#### [What you are asked to do]
The expected output is every line of the data exactly as shown, minus the images.

#### [Dataset records]

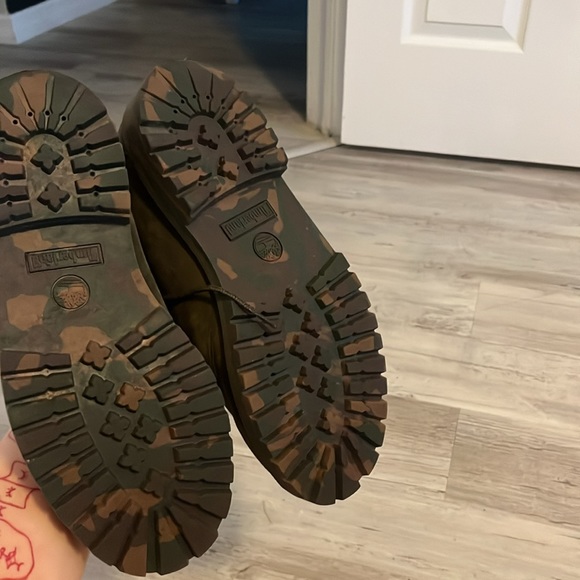 Timberlands - Picture 3 of 4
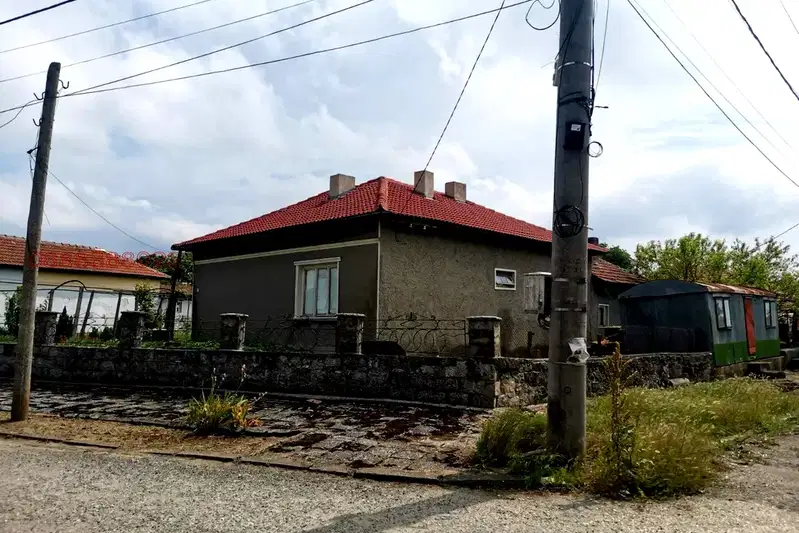 Къща в Добрич, с. Кардам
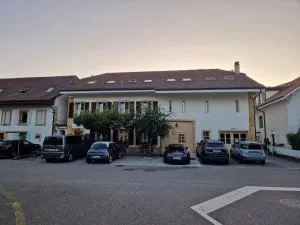 Hotel Restaurant Croix Blanche - Praz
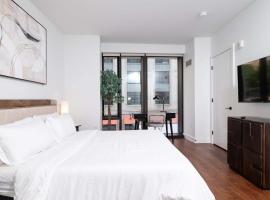 Back-Bay Upscale Central Condo Rooftop & Parking, hotel in Boston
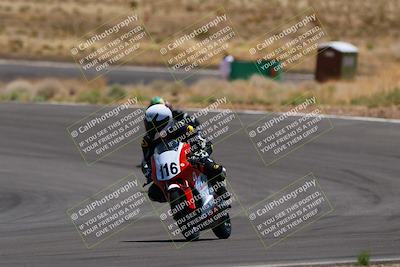 media/Apr-19-2025-AHRMA (Sat) [[3d98ca3309]]/Race/Group 3/turn 4/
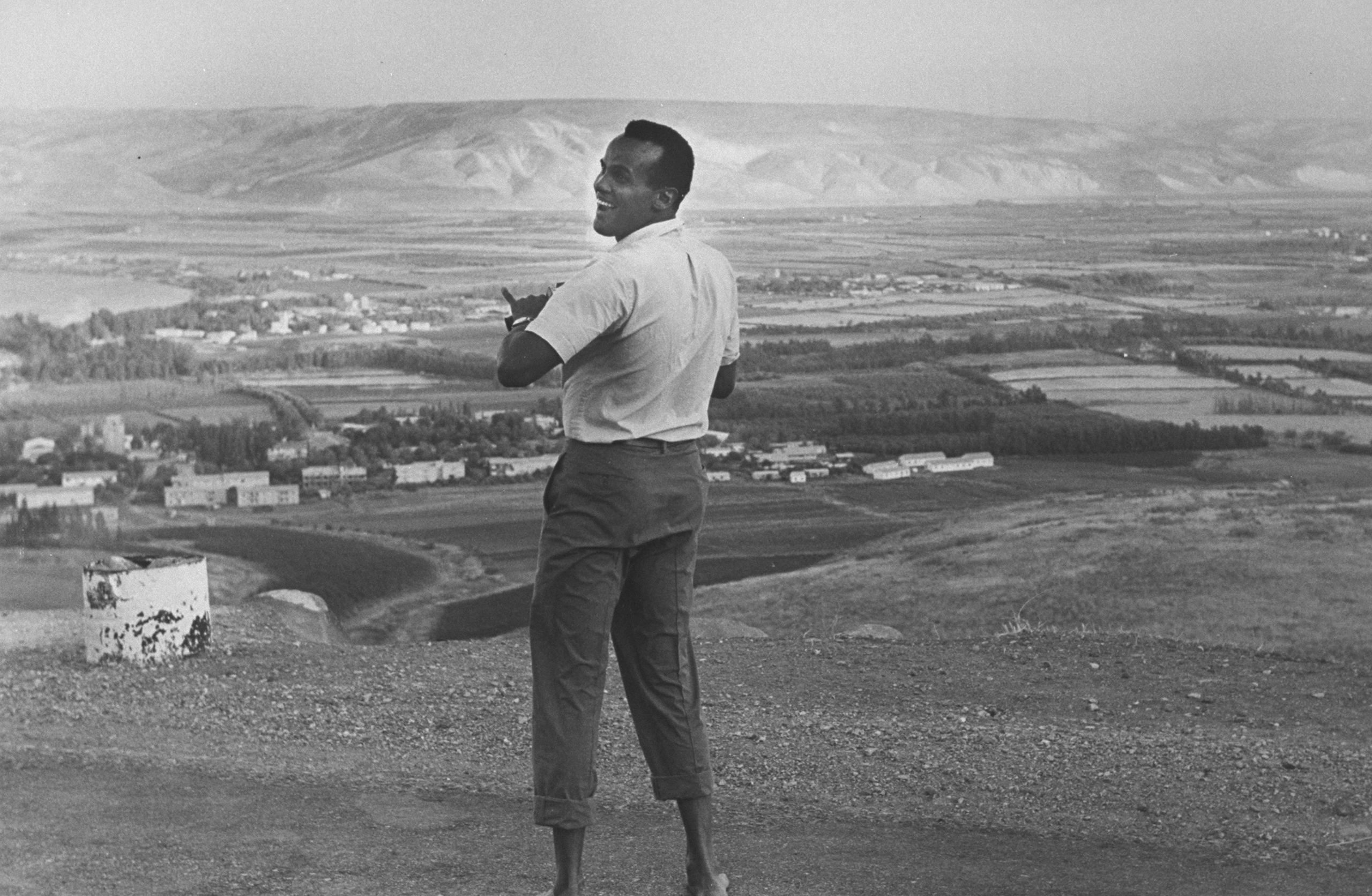 Harry Belafonte sightseeing in Israel, 1960.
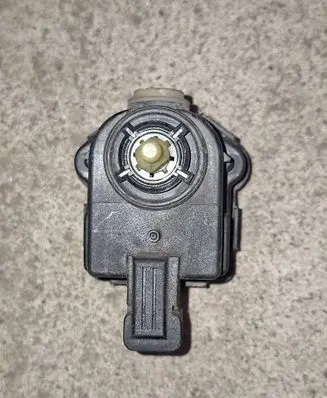 Renault Espace IV Headlight level adjustment motor 8200006664 99000078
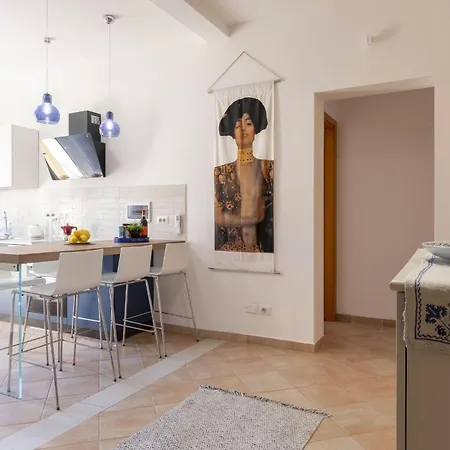 Apartment Italian Experience-my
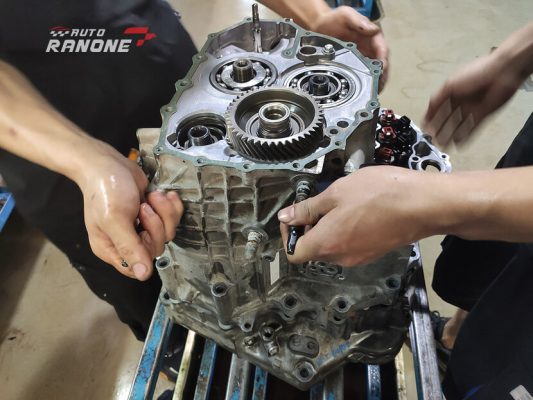 sửa hộp số ô tô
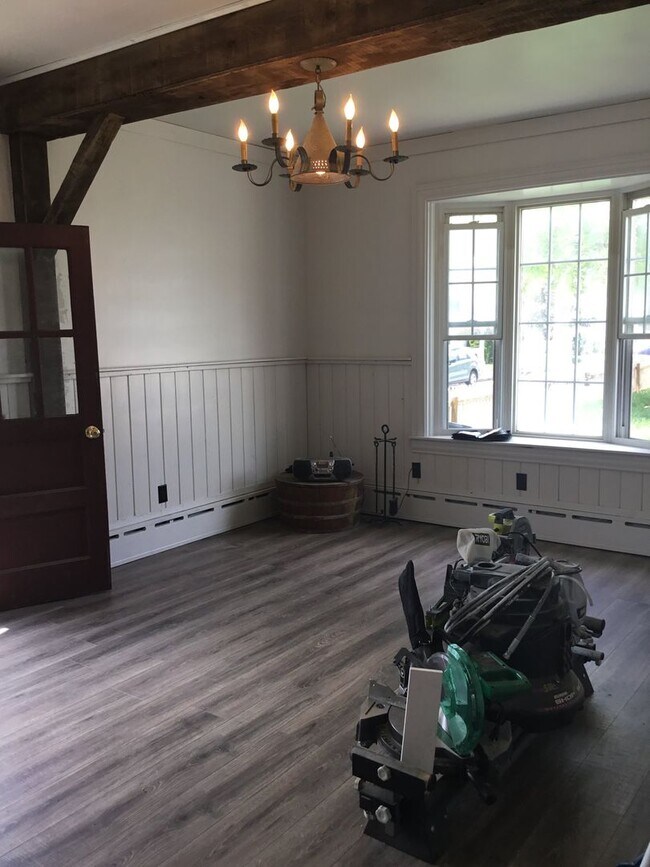 Foto del edificio - 128 S Barbara St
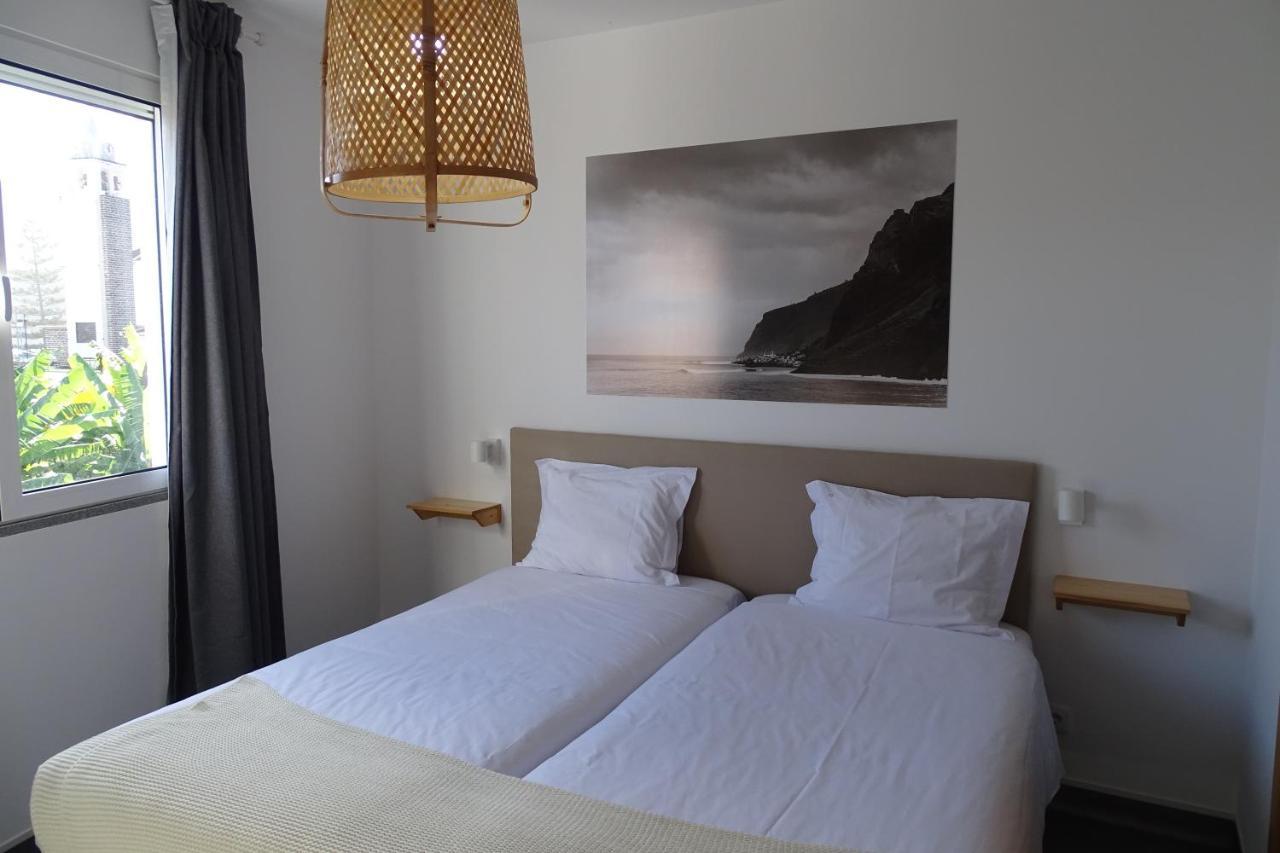 Madeira Surf Camp Pansiyon Porto Da Cruz Dış mekan fotoğraf
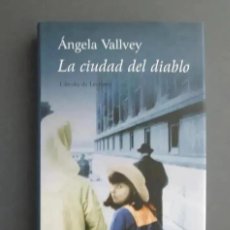 Libros de segunda mano: LA CIUDAD DEL DIABLO - ANGELA VALLVEY - CÍRCULO DE LECTORES 2005 - LITERATURA ESPAÑOLA - COMO NUEVO. Lote 346742098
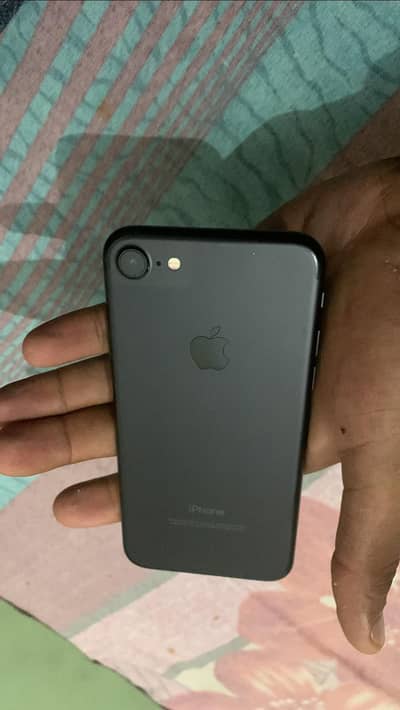 Apple iPhone 7 pta approved 32gb h condition 10 by 10h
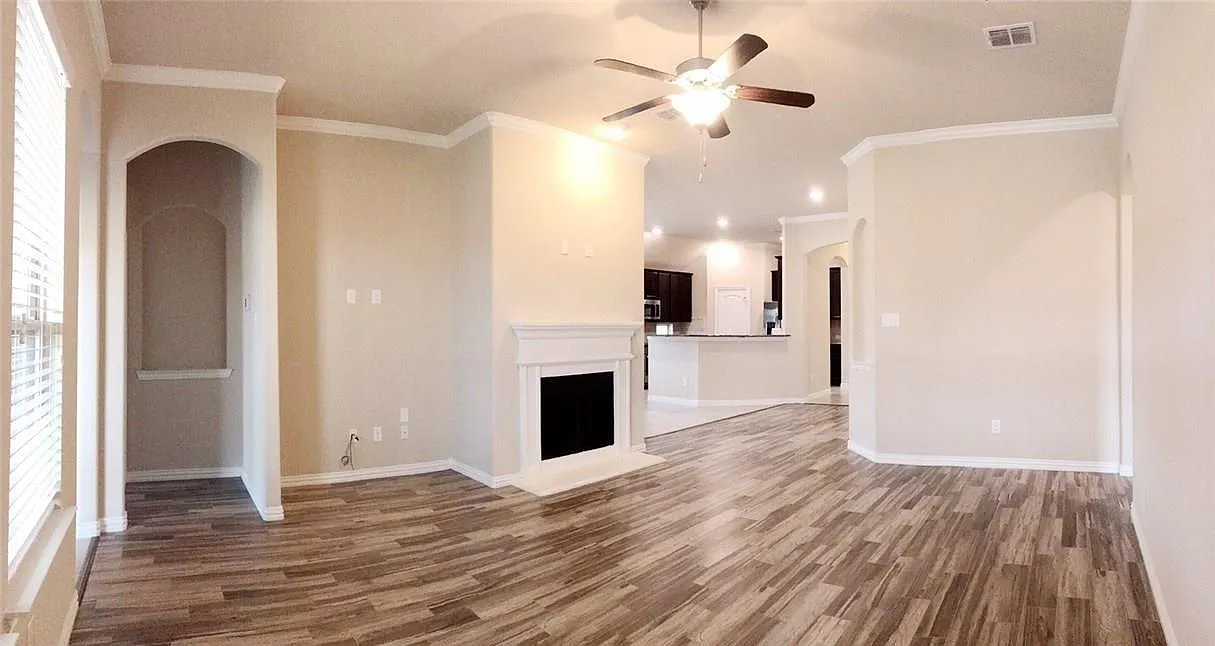 3 bed, 1874 sqft, $2,500 — Photo 3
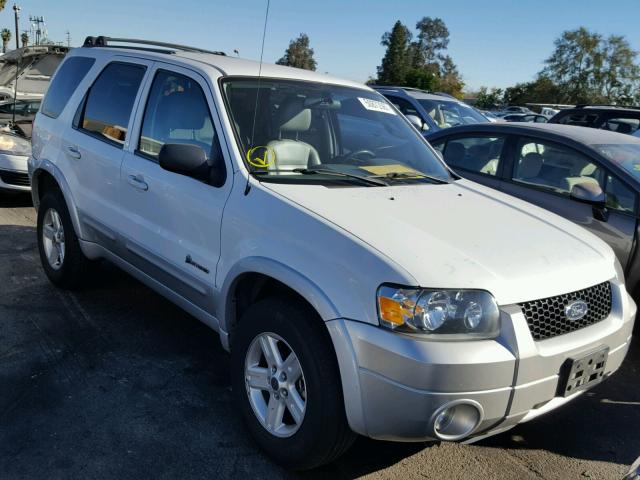 1FMCU95H76KA69409 - 2006 FORD ESCAPE HEV WHITE photo 1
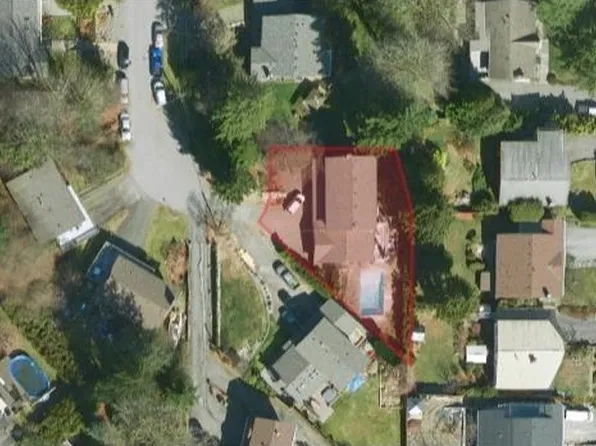 999 Ogden St, Coquitlam, BC V3C 3P2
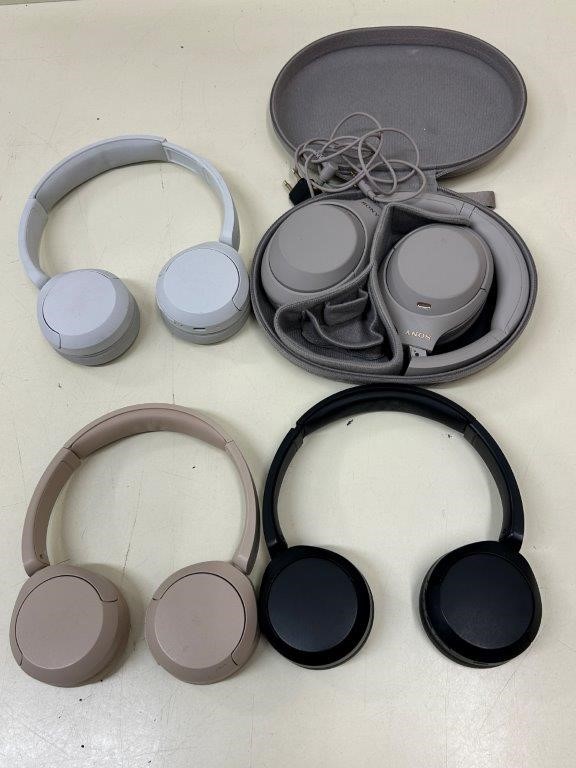 4 x SONY Wireless Headphones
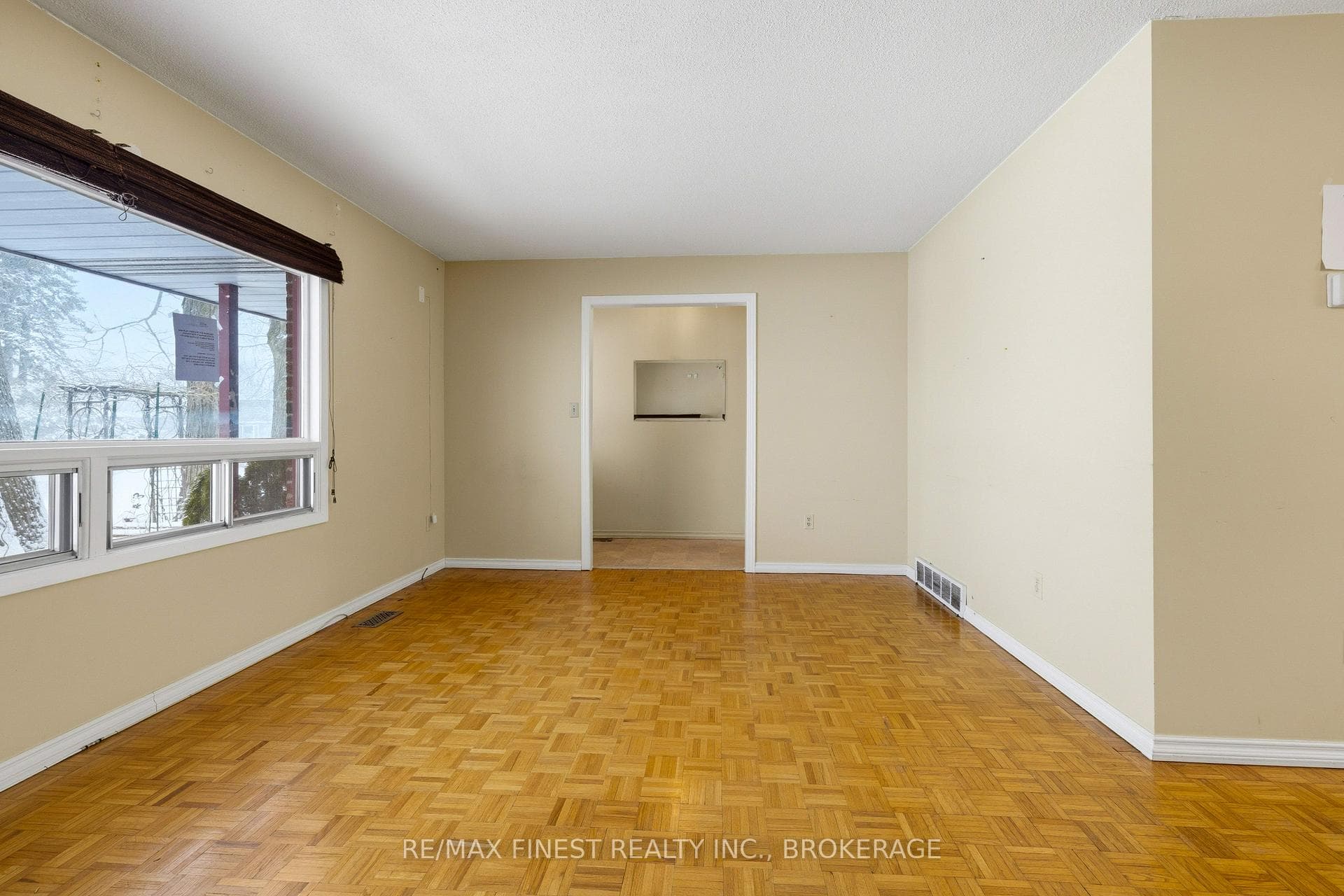 628 Stanford Street photo 16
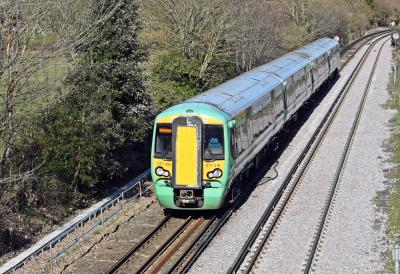377418 at Bedhampton. &copy; Bestieboy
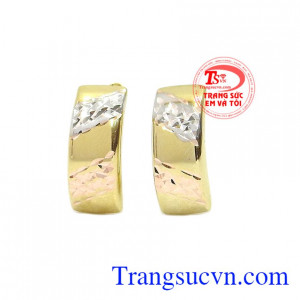 Hoa tai sang trọng vàng 10k là sản phẩm được chế tác từ vàng 10k chất lượng,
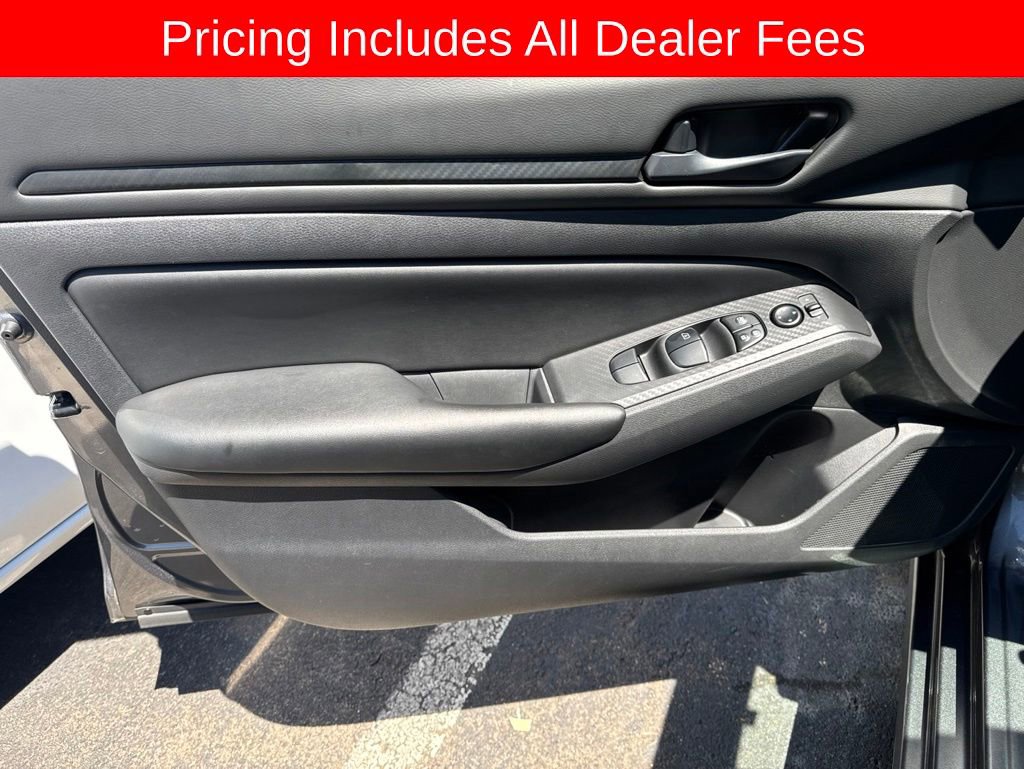 Certified 2025 Nissan Altima 2.5 S FWD image 12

#### [Answer for this exercise]
 Timberlands - Picture 3 of 4
 Къща в Добрич, с. Кардам
 Hotel Restaurant Croix Blanche - Praz
 Back-Bay Upscale Central Condo Rooftop & Parking, hotel in Boston
 media/Apr-19-2025-AHRMA (Sat) [[3d98ca3309]]/Race/Group 3/turn 4/
 Harry Belafonte sightseeing in Israel, 1960.
 Renault Espace IV Headlight level adjustment motor 8200006664 99000078
 Apartment Italian Experience-my
 sửa hộp số ô tô
 Foto del edificio - 128 S Barbara St
 Madeira Surf Camp Pansiyon Porto Da Cruz Dış mekan fotoğraf
 Libros de segunda mano: LA CIUDAD DEL DIABLO - ANGELA VALLVEY - CÍRCULO DE LECTORES 2005 - LITERATURA ESPAÑOLA - COMO NUEVO. Lote 346742098
 Apple iPhone 7 pta approved 32gb h condition 10 by 10h
 3 bed, 1874 sqft, $2,500 — Photo 3
 1FMCU95H76KA69409 - 2006 FORD ESCAPE HEV WHITE photo 1
 999 Ogden St, Coquitlam, BC V3C 3P2
 4 x SONY Wireless Headphones
 628 Stanford Street photo 16
377418 at Bedhampton. &copy; Bestieboy
 Hoa tai sang trọng vàng 10k là sản phẩm được chế tác từ vàng 10k chất lượng,
 Certified 2025 Nissan Altima 2.5 S FWD image 12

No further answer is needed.